Half way up the 5 miles of highway 285 it started to rain on me. After 10 minutes of rain, I considered turning around to ride something lower rather than suffering in rain all day. It looked like it was settling in, and might rain all day. I actually slowed and looked for a gap in traffic to turn around, then thought, "Ah, what the hell. Might as well keep going. I'm already up here."

When I got to the Marshall Pass Road, it was wet and to the west it looked much more wet. I stuck with my plan, because I'd already climbed the pavement part and it wasn't raining hard enough yet to turn me back. If there's anything I've learned about these mountains, it's that you can't tell what the weather will ultimately do based on what it's doing right now. So I kept rolling over the moist gravel.

When I got to the Shirley site there were lots of puddles and the brush and trees were shining with moisture.
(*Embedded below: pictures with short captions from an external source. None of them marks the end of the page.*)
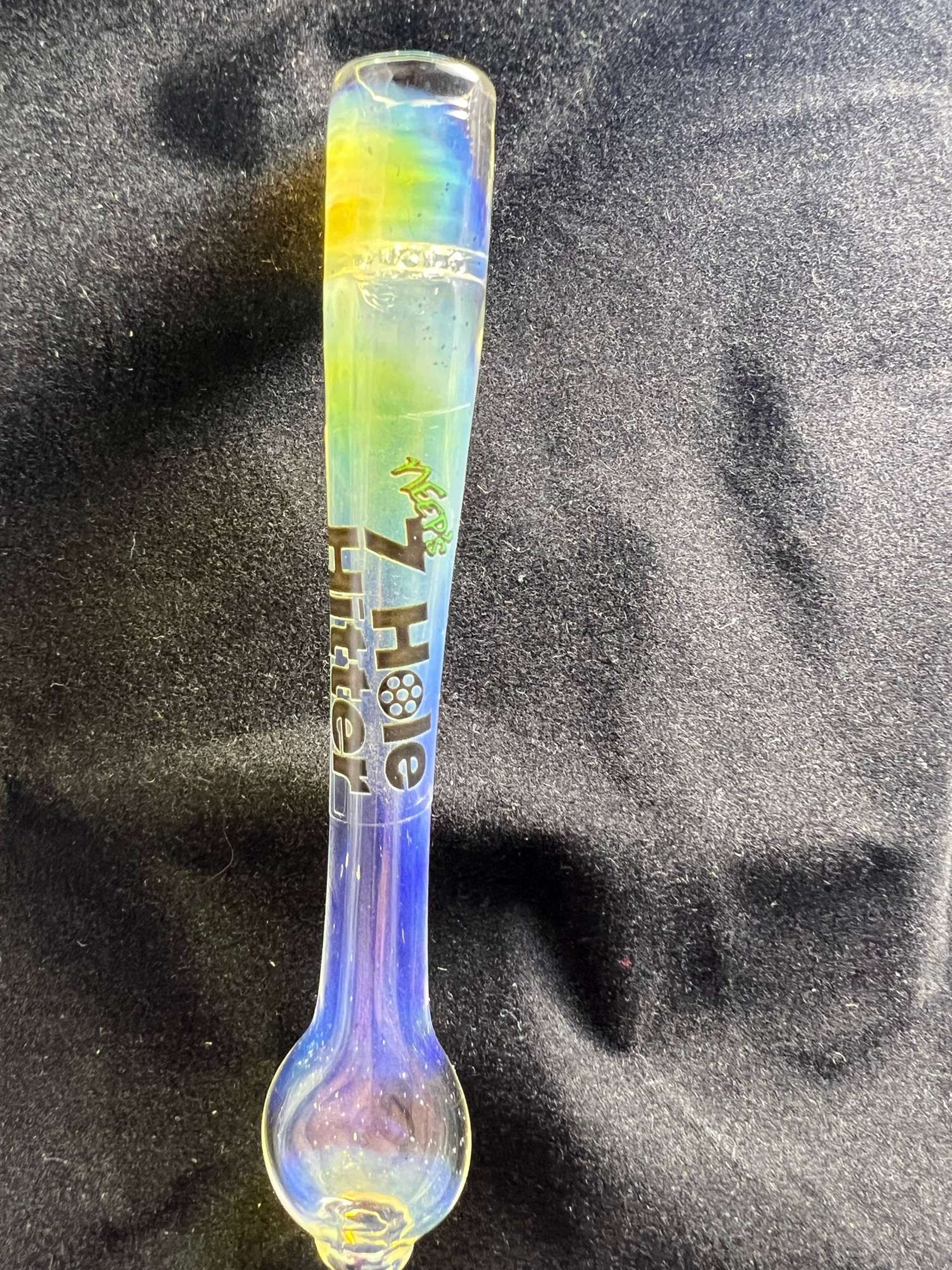 Preview pic of 7 Hole Hitters 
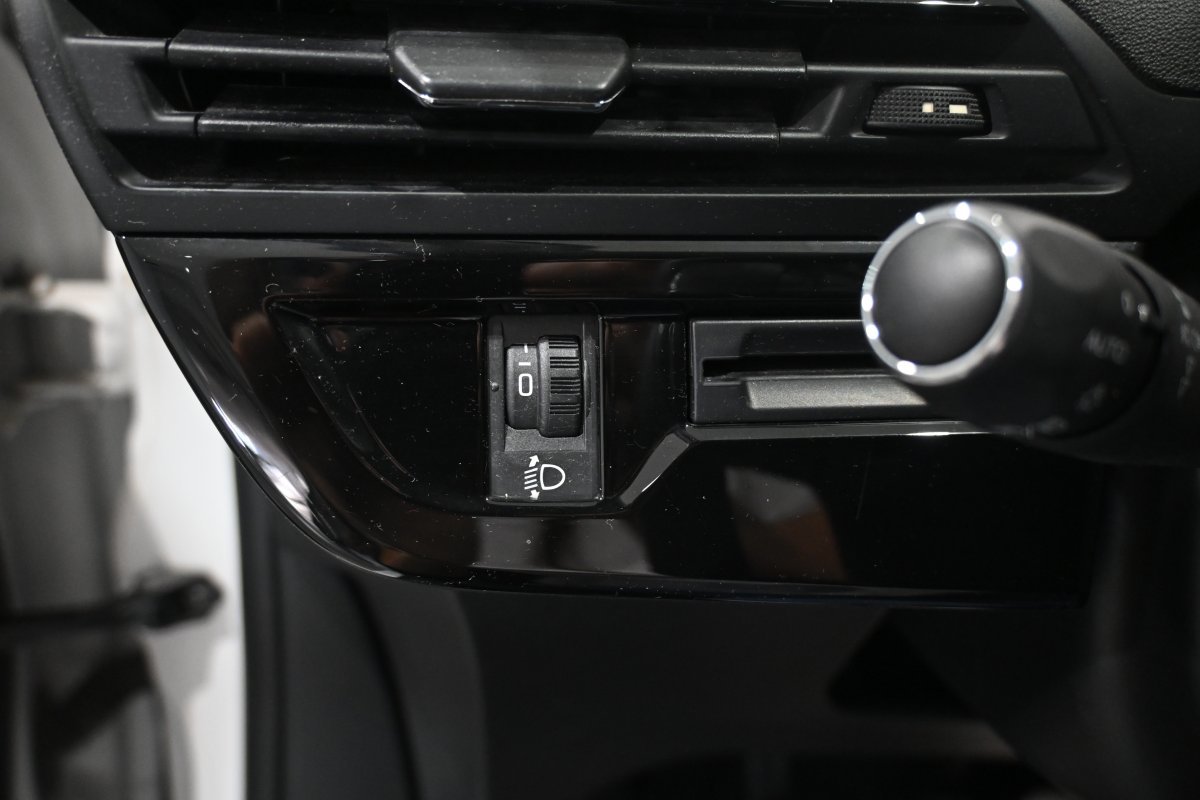 Foto Citroën C4 Picasso 25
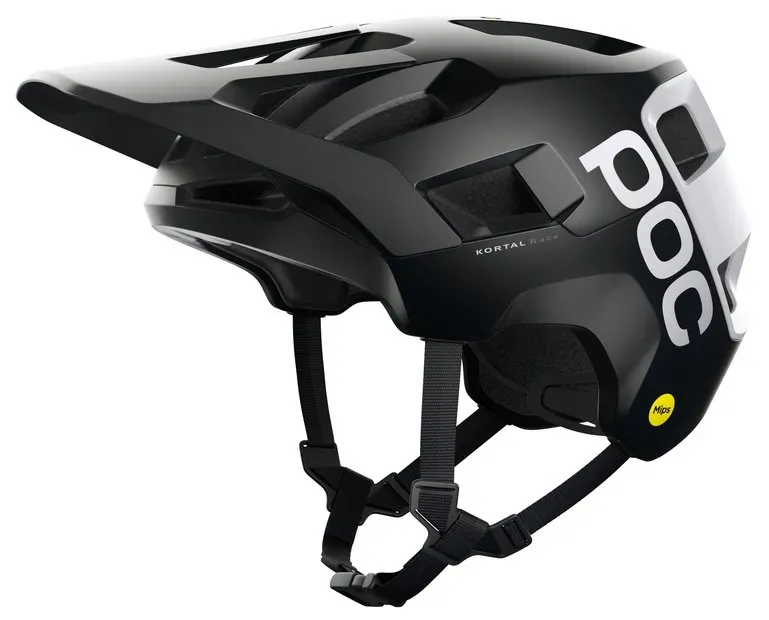 Fahrradhelm POC Kortal Race MIPS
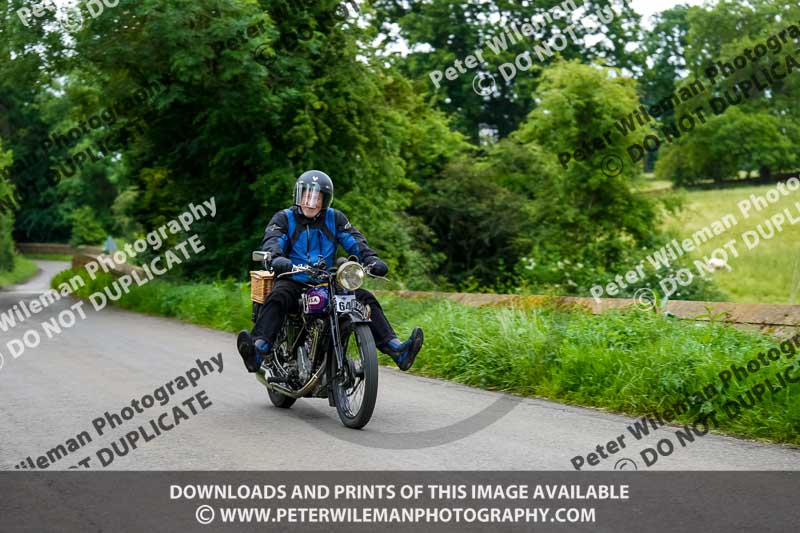 Vintage motorcycle club;eventdigitalimages;no limits trackdays;peter wileman photography;vintage motocycles;vmcc banbury run photographs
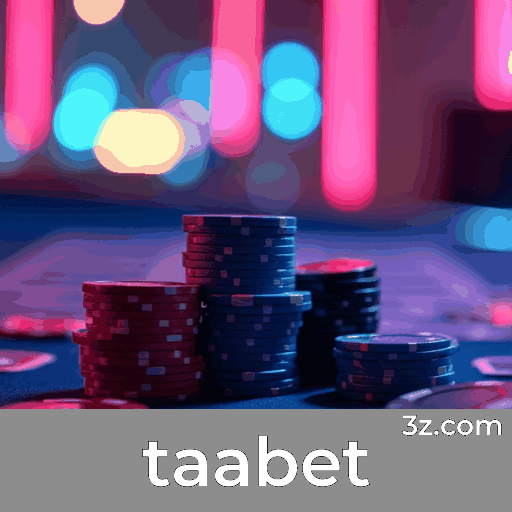 Taabet: O Melhor Cassino Online e Plataforma de Apostas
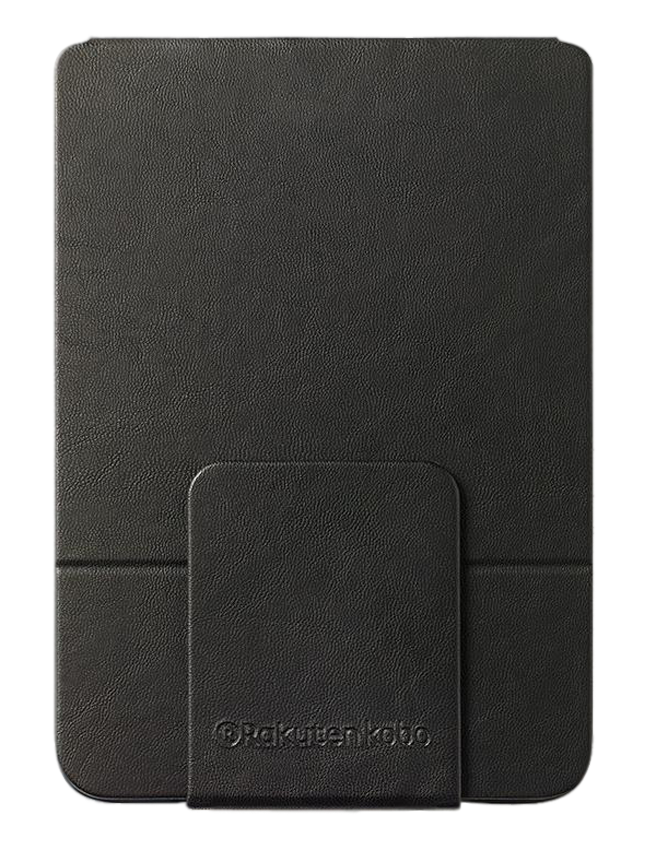 Обложка Kobo Clara HD Black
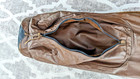 MacKenzie Leather Golf Carry Bag - Peter Jacobsen Model - Vintage - Used — photo 5
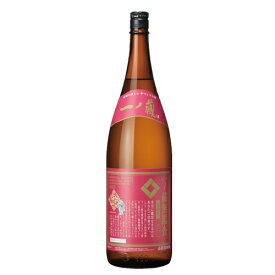 【一ノ蔵】無鑑査　本醸造　甘口 1800ml　宮城の日本酒　ギフト プレゼント(4985926103218)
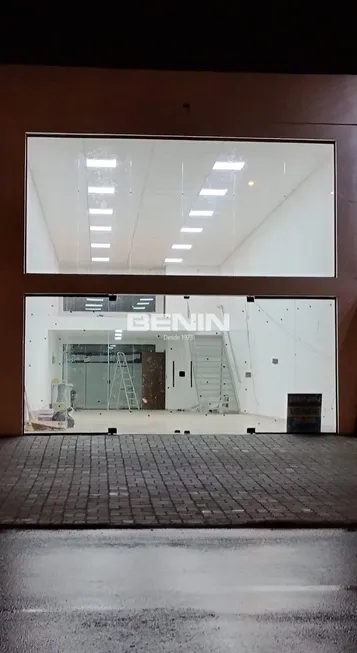 Foto 1 de Ponto Comercial à venda, 155m² em Centro, Canoas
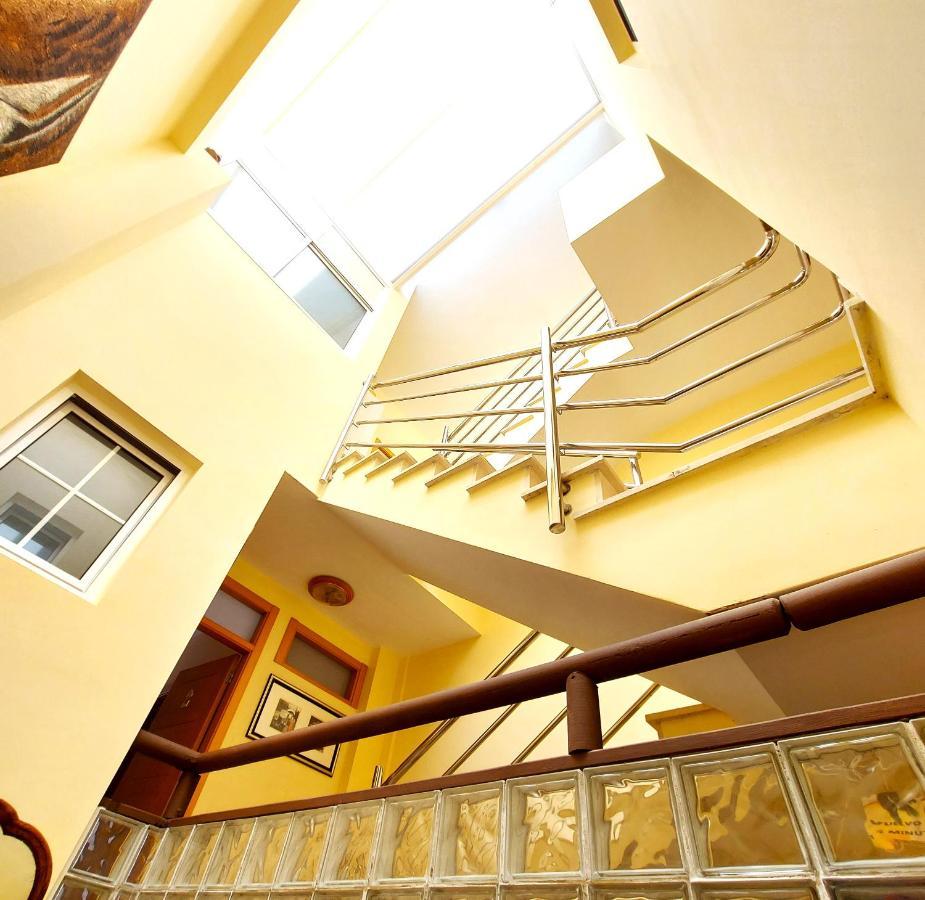 Ferienhaus Small Apartment, Adeje House Wifi Free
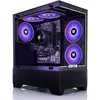 Image de BEASTCOM Q3 | Essential Gaming | AMD Ryzen 5 3400G 4X 4,20 GHz | 4K Vega 11 Graphics | 16GB RAM | 512GB SSD | HDMI | USB 3.2 | WiFi | Windows 11 Pro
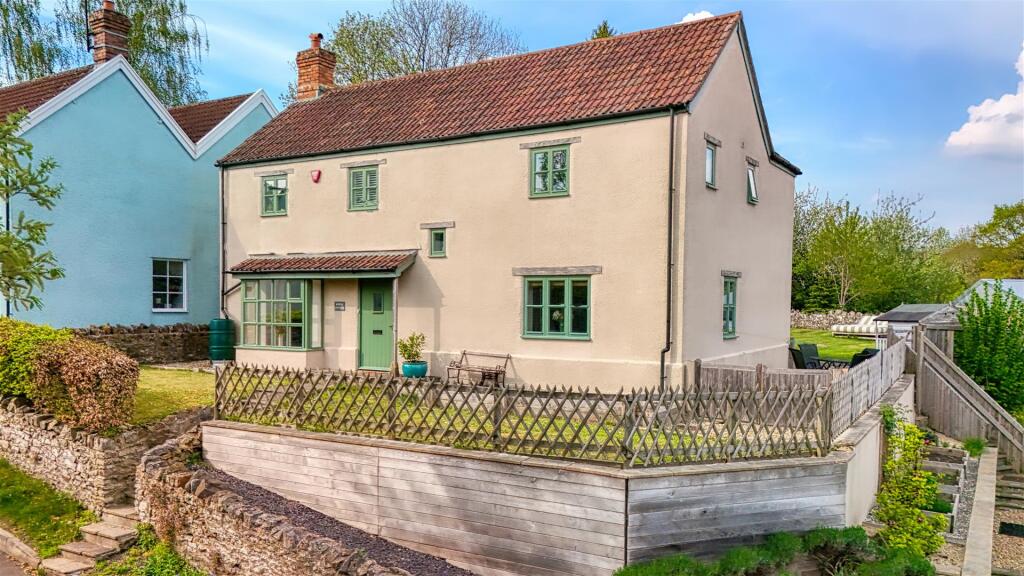 Main image of property: Springers Hill, Coleford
But blue sky had appeared on the western horizon. My wager had paid off. It was burning off, and as I rolled up the railroad grade the aroma of happy wet sage filled the air.

The railroad grade is a wonderful aerobic climb. And much of it rolls through a tunnel of aspen that goes on and on. So beautiful. I often see bighorn sheep, and the road is littered with old rusting railroad spikes.

After 15 miles of dirt road and over three hours on the bike I emerge at the pass. Now singletrack! Between the ~4 miles of Continental Divide Trail/Colorado Trail from Marshall to Silver Creek, the ~6 miles of descending on the Silver Creek Trail, and the ~10 miles of Rainbow Trail, there are nearly 20 miles of classic Colorado trail ahead. The whole ride is a reward, but this section of trail-riding is what makes it world-class.

On July 3, 2015, I rode the traverse over to Silver and down Silver in lovely cool, sunny weather. Shortly after I emerged from Silver Creek to start the Rainbow, I noticed some clouds blowing in from the north. Before I'd gone 15 minutes down the Rainbow the rain started. Five minutes later I was hunkered down in cover with lightning flashing and cracking overhead. It rained hard and there was lots of electricity, then it gradually moved off to the south.

When I started moving again, I found a trail that was more puddle than not. The muddy water sprayed all over me and my bike. Total mess. But the sun was back out and everything was green and cool. So we went from overcast to rain to sun to storm back to sun. Typical day up in the shadow of Ouray. This particular ride took me 7 hours, 55 miles, over a mile of cumulative climbing.

I finished, a muddy man who was almost out of water, rolling down the highway sometimes hitting 40 mph, then back to town on County Road 120. Home to my dog, a shower, and a pint of Ben and Jerry's. Typical day up to the divide on the bike. Bliss.